Тяжеловесный, но энергичный депутат кортесов Блас Пиньяр, сын одного из героев обороны толедского Алькасара, «Брестской крепости» испанских националистов, основал в 1966 г. издательство Fuerza nueva («Новая сила») и сосредоточился на критике перемен. Вокруг издательства быстро сформировалось одноименное ультраправое политическое объединение. Бравый министр труда времен автаркии, видный фалангист Хосе Антонио Хирон, член кортесов и Совета королевства, стал одним из самых заметных публичных противников реформ и учредил ветеранскую организацию фронтовиков, в которой собрал самых непримиримых участников крестового похода против республики, либералов и коммунистов. Один из идеологов «бункера» Хосе Утрера Молина служил министром жилищного строительства и в последние годы режима ненадолго стал генсеком правящего Национального движения.
Членов «бункера» боялись не столько из-за занимаемых ими постов, сколько потому, что считалось, будто они выражают мнение консервативных кругов армии и силовиков, а заодно и фаланги, члены которой имели разрешение на ношение оружия. Кроме того, у лидеров «бункера», особенно у Хосе Антонио Хирона, сложились близкие отношения с семьей Франко.

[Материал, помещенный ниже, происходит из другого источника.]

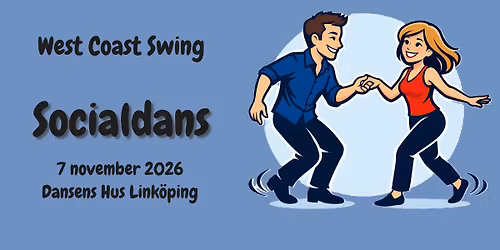 Socialdans i West Coast Swing den 7 november 2026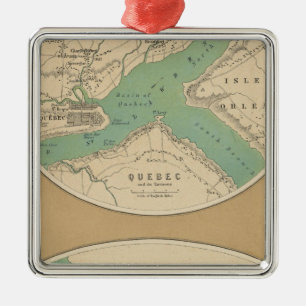 Quebec and its Environments Metal Tree Decoration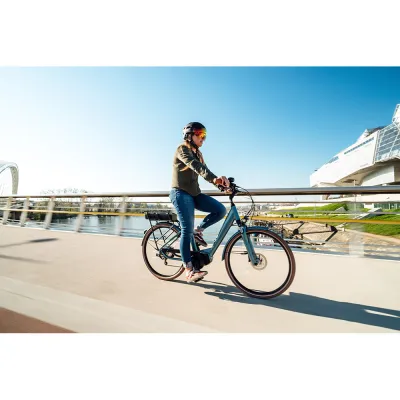 Cairn велошолом Quartz Visor LED USB black 52-58 - 3 - Robinzon.ua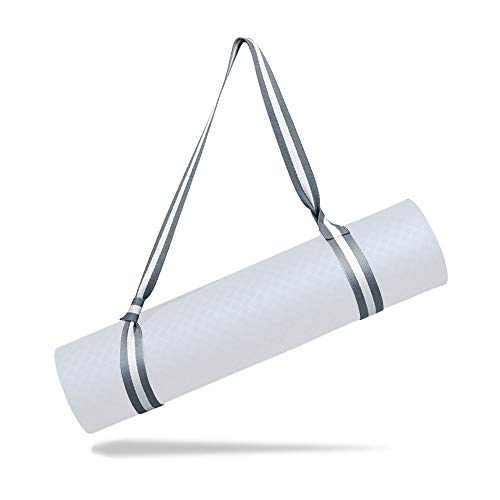 EasyLife185 Yoga Mat Strap Sling, [Yoga Mat Not Included] Adjustable Durable Cotton Yoga Mat Carrier, Durable and Comfy Delicate Texture, Doubles As Yoga Strap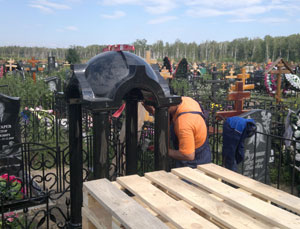 Установка памятника Установка памятника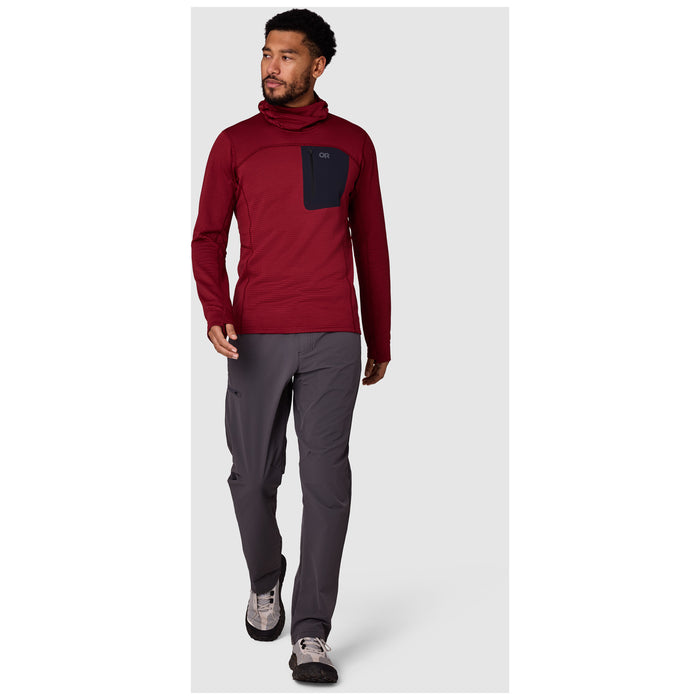 Outdoor Research Vigor Grid Fleece Pullover Hoodie - Men's Vermillion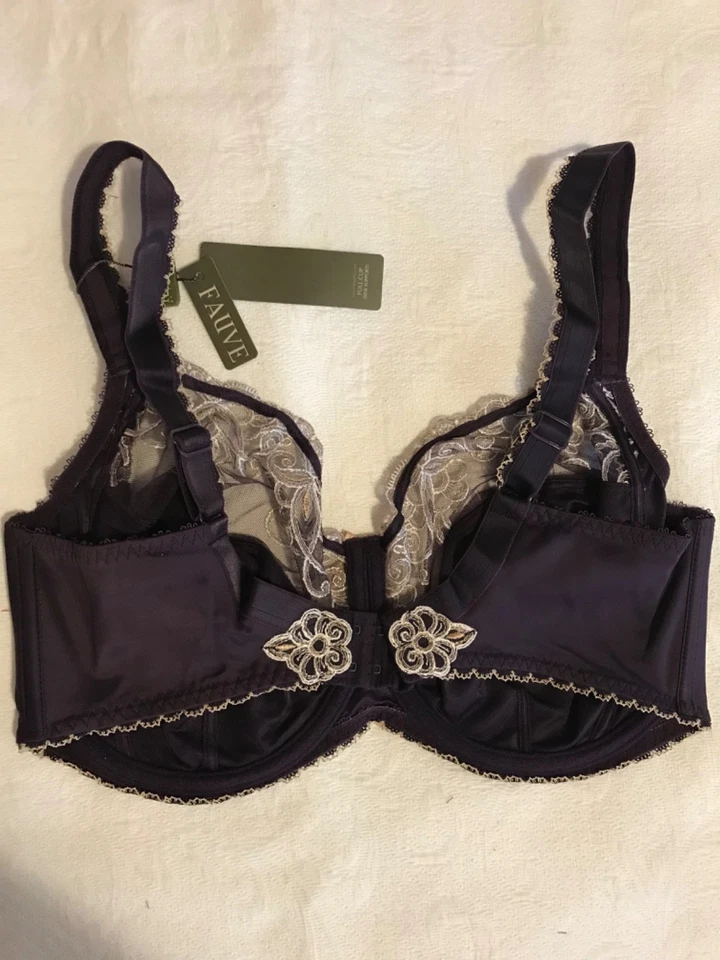 Sujetador Fauve nuevo con etiquetas talla 38G púrpura Foto 4 de 4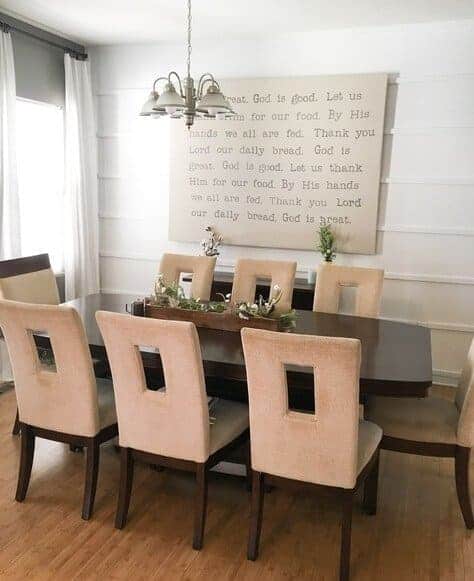 Farmhouse dining room - Farmhouse decor for cheap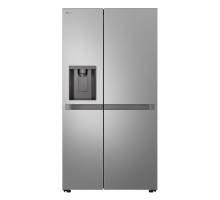 LG GSLC41PYPE side-by-side fridge freezer in Prime Silver finish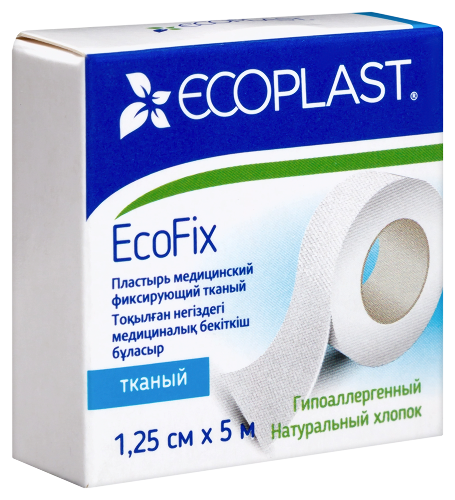 ECOPLAST ПЛАСТЫРЬ ECOFIX МЕДИЦИНСКИЙ ФИКСИРУЮЩИЙ ТКАНЫЙ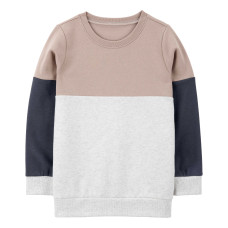 Джемпер для мальчика серо-коричневый, 3S032910, Carter's 7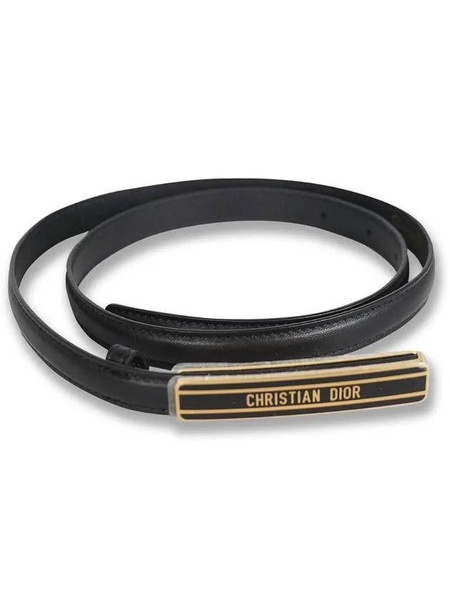 Elegant Black Dior Belt for Women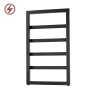 500mm (w) x 800mm (h) Davina Black Square Tube Towel Rail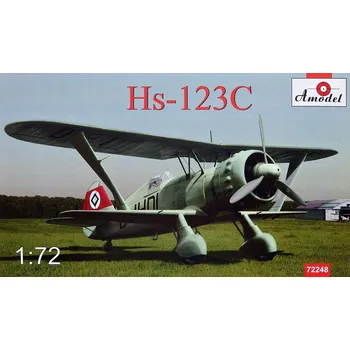 Plastikový model A model 1/72 Henschel Hs-123C
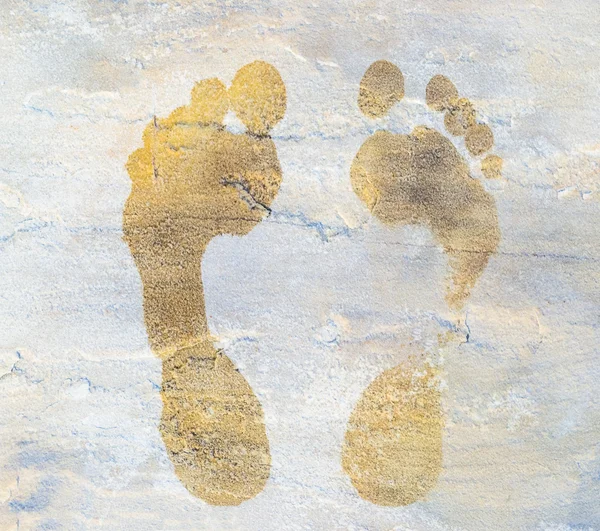 Footprints on the sand — Stock Photo, Image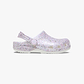Crocs Classic Fantasy Glitter Clog T - כפכפי קרוקס קלוג נצנצים לילדים בצבע לבן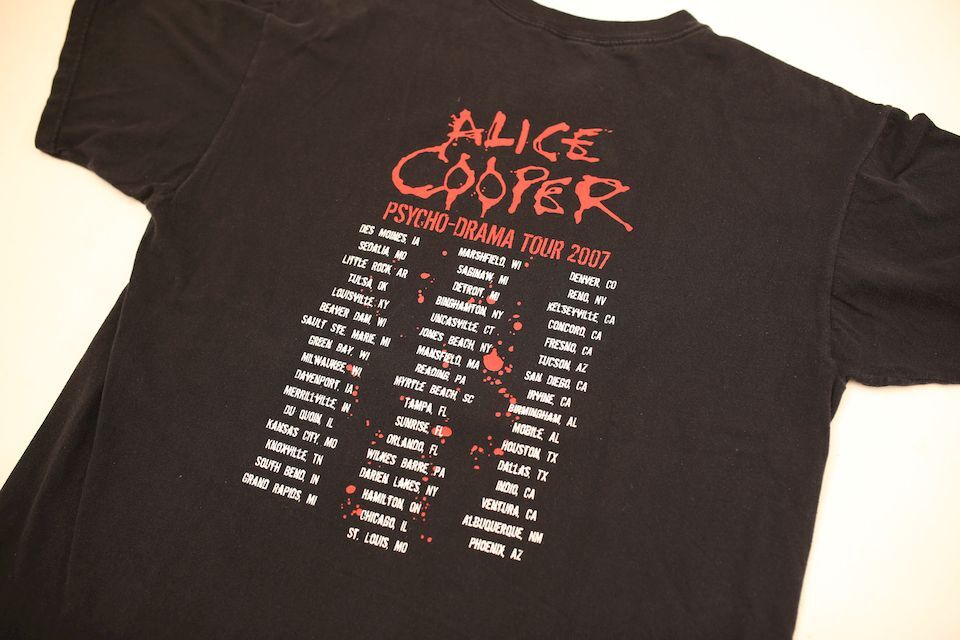 アリスクーパー 2007 ツアー バンドTシャツ Alice Cooper T アリスクーパー 2007 ツアー バンドTシャツ Alice Cooper T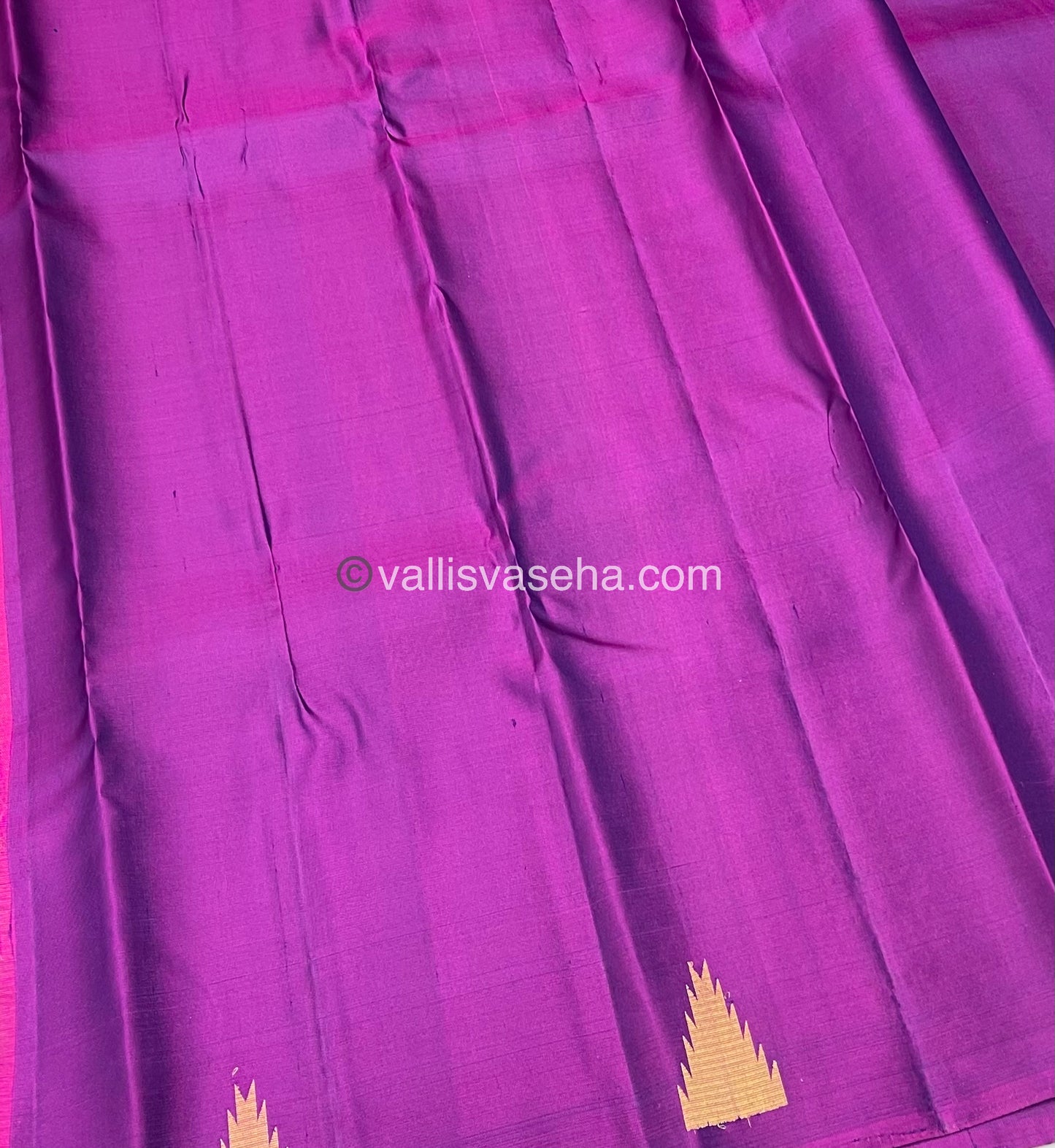 Pure Soft Silk Saree - Jothika Hit design - Purple - VVPSS005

Оппоненты режима со своей стороны тоже по-разному видели его завершение. Они делились на сторонников революции и эволюционистов. Революционерам крах государственности Франко представлялся как ruptura — разрыв, разлом (отглагольное существительное от romper — рвать, ломать). Режим следует сломать, оборвать в результате давления оппозиции, между ним и будущей Испанией должен пролегать непреодолимый разрыв, пропасть. Эволюционисты представляли себе конец франкизма в виде apertura (уже знакомое существительное от глагола abrir — открывать) — как открывание системы изнутри под давлением снаружи. Эта часть оппозиции по своим воззрениям смыкалась с реформаторами-апертуристами в рядах номенклатуры.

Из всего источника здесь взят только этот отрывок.